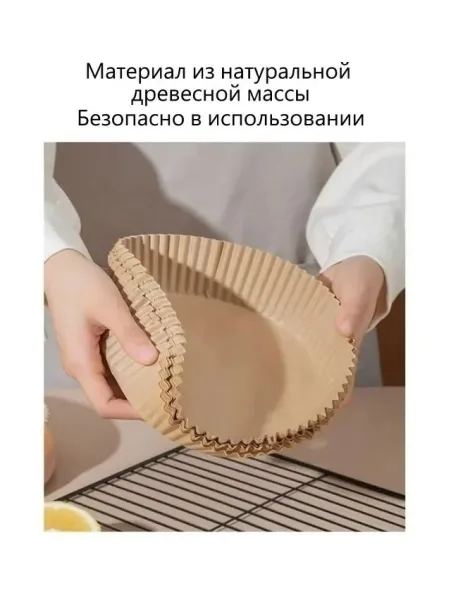 Посуда Бумажные формы для аэрогриля — фото 3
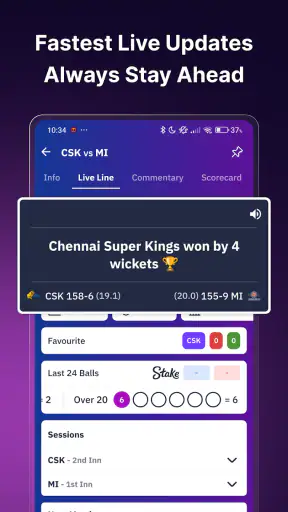 Cricket Live Score : Live Line screenshot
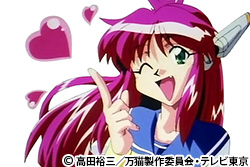 万能文化猫娘 | 番組 | AT-X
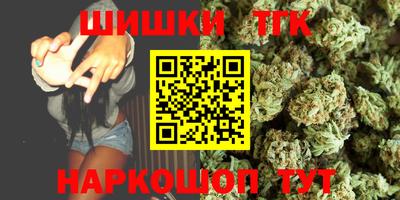 молекула духа Апрелевка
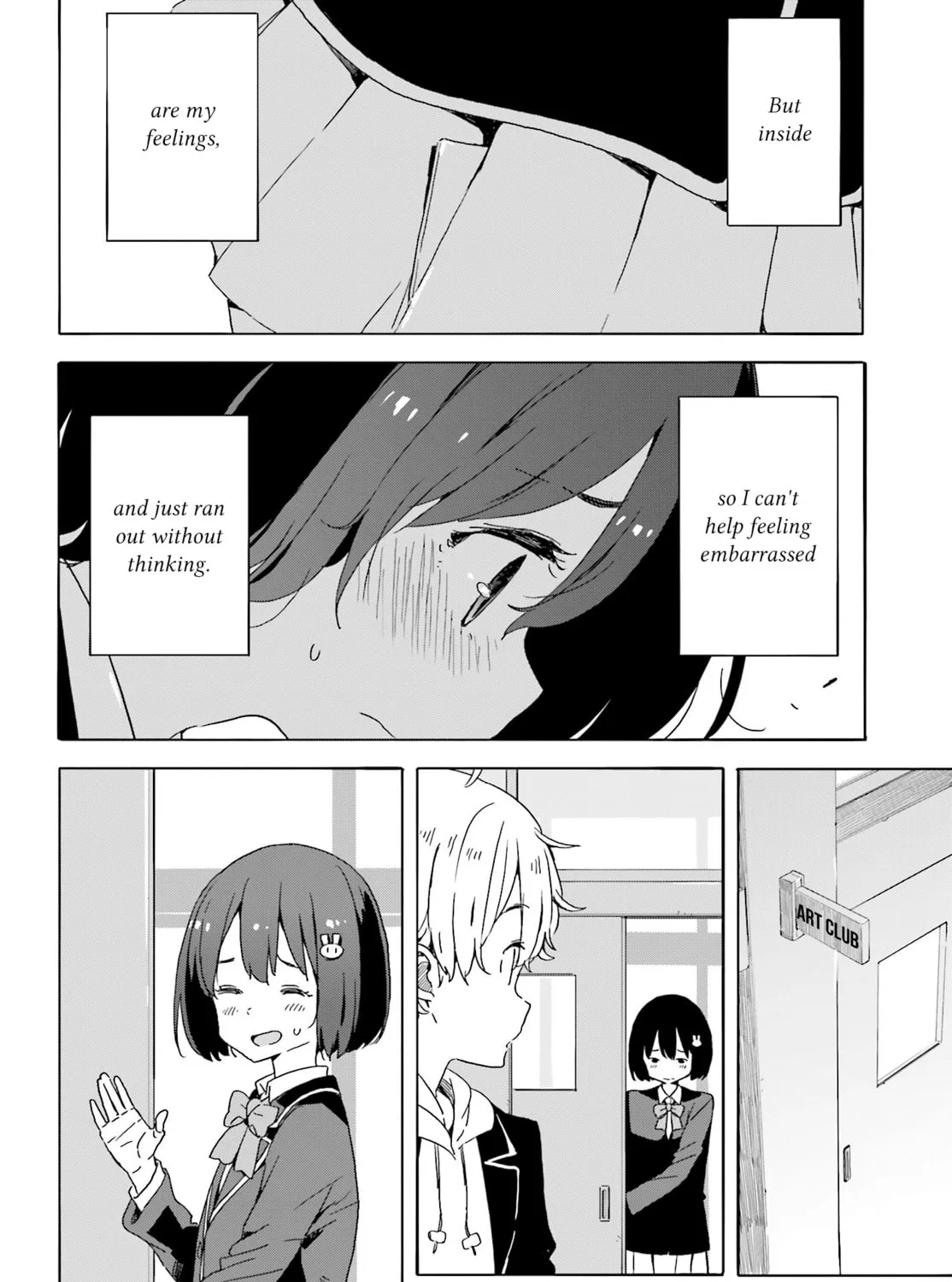 Read This Art Club Has a Problem! chapter 35 image 20 on Lezhin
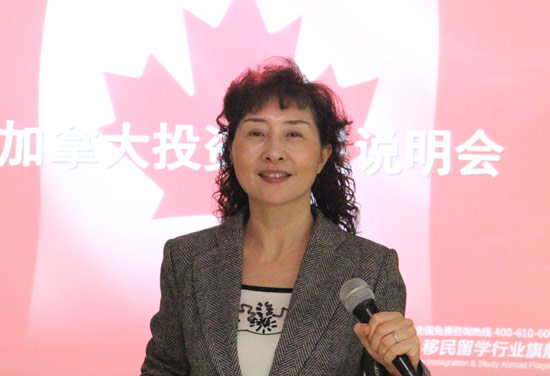 Ms. Helen Zhou为到场客户详细解说加拿大投资移民项目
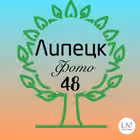 Telegram @lipetskfoto_48Channel Image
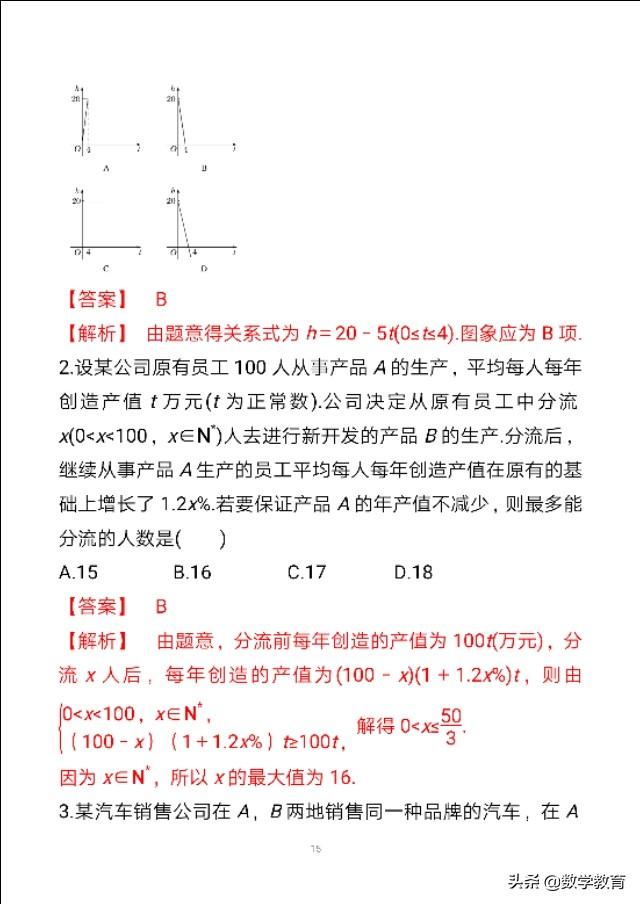 数学一轮复习13，函数与数学模型，掌握解决实际问题的关注点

========

REQUIRED ACTION: Write the data above out exactly. Leave out any pictures.

RESULT OF THE TASK:
 Посуда Бумажные формы для аэрогриля — фото 3
 Cricket Live Score : Live Line screenshot
 万能文化猫娘 | 番組 | AT-X
 молекула духа Апрелевка
 Read This Art Club Has a Problem! chapter 35 image 20 on Lezhin
 Ms. Helen Zhou为到场客户详细解说加拿大投资移民项目
 Telegram @lipetskfoto_48Channel Image
 数学一轮复习13，函数与数学模型，掌握解决实际问题的关注点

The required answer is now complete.